AR and VR technologies allow designers to create the entire demonstration in a virtual environment or superimposed over real life.
For example, OpenAI robots developed by Elon Musk's company trained robots using Vision Network. This technique is effective with swarm robotics too!
Robotics and AR technology in Manufacturing:
The use of robotics and AR technology will have a significant impact on Manufacturing. It allows manufacturers to show their design, building site, or product faster without much hassle.
VR comes as a standard preparation method for people who face physical hazards, such as 3D printing models or simulations that can reduce the need for costly modeling equipment and improve product quality in the workplace.
AR & VR models in Urban planning:
With new construction projects becoming more popular, developers need to understand how these elements will impact current urban environments.
So, they can maximize profit over all-time horizons by generating AR (Augmented Reality) and VR-modeled before building anything at all.
Integrating virtual reality and robotics for construction employees can have immense benefits. The idea behind this is to allow humans more creative space while robots take care of repetitive tasks.
In this way, humans can focus more on the implementation of strategies for better outcomes.
Use of virtual reality in military training programs:
The use of virtual reality in military training programs can help soldiers understand how to use military robots and drones.
For this purpose, organizations create a virtual battlefield that allows military officers to test different tactics on an interactive landscape with realistic visuals for each drone's move.
For example, the military trainer can turn his head left or right or move it forward or change the altitude levels on one's drone.
With this approach, soldiers can learn to avoid various obstacles and guide a drone through the battlefield.
Virtual reality also helps them to teach how they might tackle situations on an actual field of battle or attack enemy bases at just about any given moment with their robots in tow!
Robotics & VR work hand-in-hand so that we may develop more advanced training programs for our warriors--both human beings and bots alike.
AR and VR in Crime Department:
AR and VR are changing the way that we think about crime scenes.
Forensic experts can use these technologies to label evidence at a time digitally.

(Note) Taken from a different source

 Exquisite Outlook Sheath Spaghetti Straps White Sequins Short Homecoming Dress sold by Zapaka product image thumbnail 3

For example, AR annotation allows forensic investigators to digitally label proof traces at crime scenes and update, exchange, and transfer lists of evidence.

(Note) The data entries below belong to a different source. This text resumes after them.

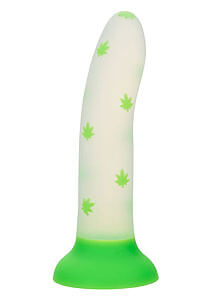 CalExotics Glow In The Dark Stick Blaze it Cannabis (Green), dildo s prísavkou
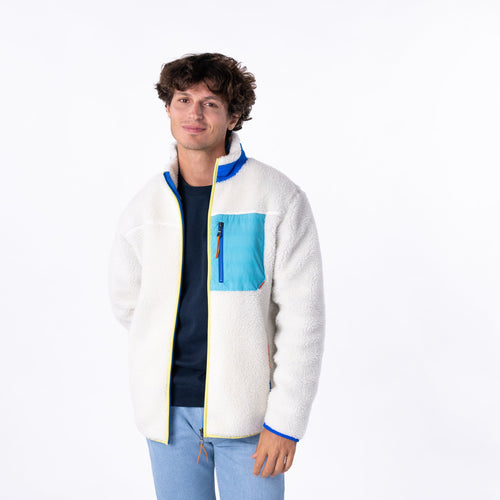 Chaqueta mixta sherpa con cremallera - Marfil y azul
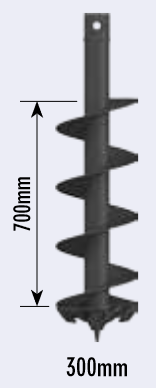 Auger Torque Bohrschnecke S4, D=300mm, Wolfram, 65mm Rund, L=1,2m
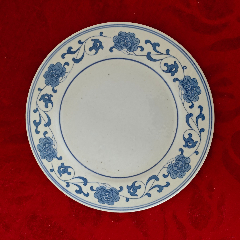 七十年代景德镇底款青花瓷青花缠枝莲装饰文*大平盘（完美品相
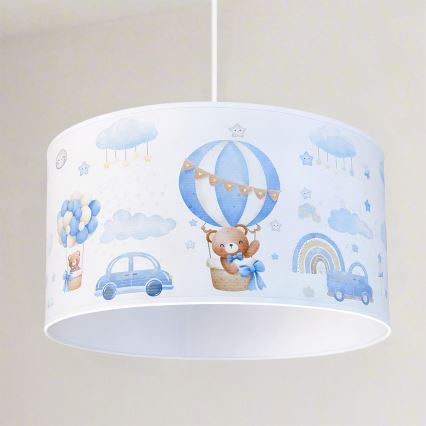 Brilagi - Lampadario a sospensione LED per bambini BOBO 1xE27/10W/230V Ø 35 cm blu/orsetti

On the other hand, VR technology maps training goals explicitly and develops & tests a virtual prototype to train agents to adapt to challenging work circumstances.
VR in Teleoperating Robots:
Virtual reality is being used to design teleoperating robots that can eliminate dangerous factory work environments.
This type of robot involves replicating what we do with our hands; they can be controlled remotely and act accordingly with the help of hand controllers and multiple display sensors.
For instance, FS Studio has built VR Teleoperation for Robotics for a major car company. We developed an immersive virtual reality environment for the client's training and remote operation of the robotic system. We even integrated two types of haptic controllers in the process!
We successfully created a Unity 3D environment that would import robots using URDF files. The resulting VR environment had terrific functions.
For example, it could control the robot, display the data and video from the various sensors and cameras, determine path and route navigation, and show all of this in an immersive 3D VR environment.
The future of robotics is here, and it has never been brighter. Thanks to the advancements in new technologies like AR and VR, we will soon see robots that can think for themselves and work with humans as partners.
We've given you a quick overview of these cutting-edge innovations but know there is so much more out there just waiting to be explored!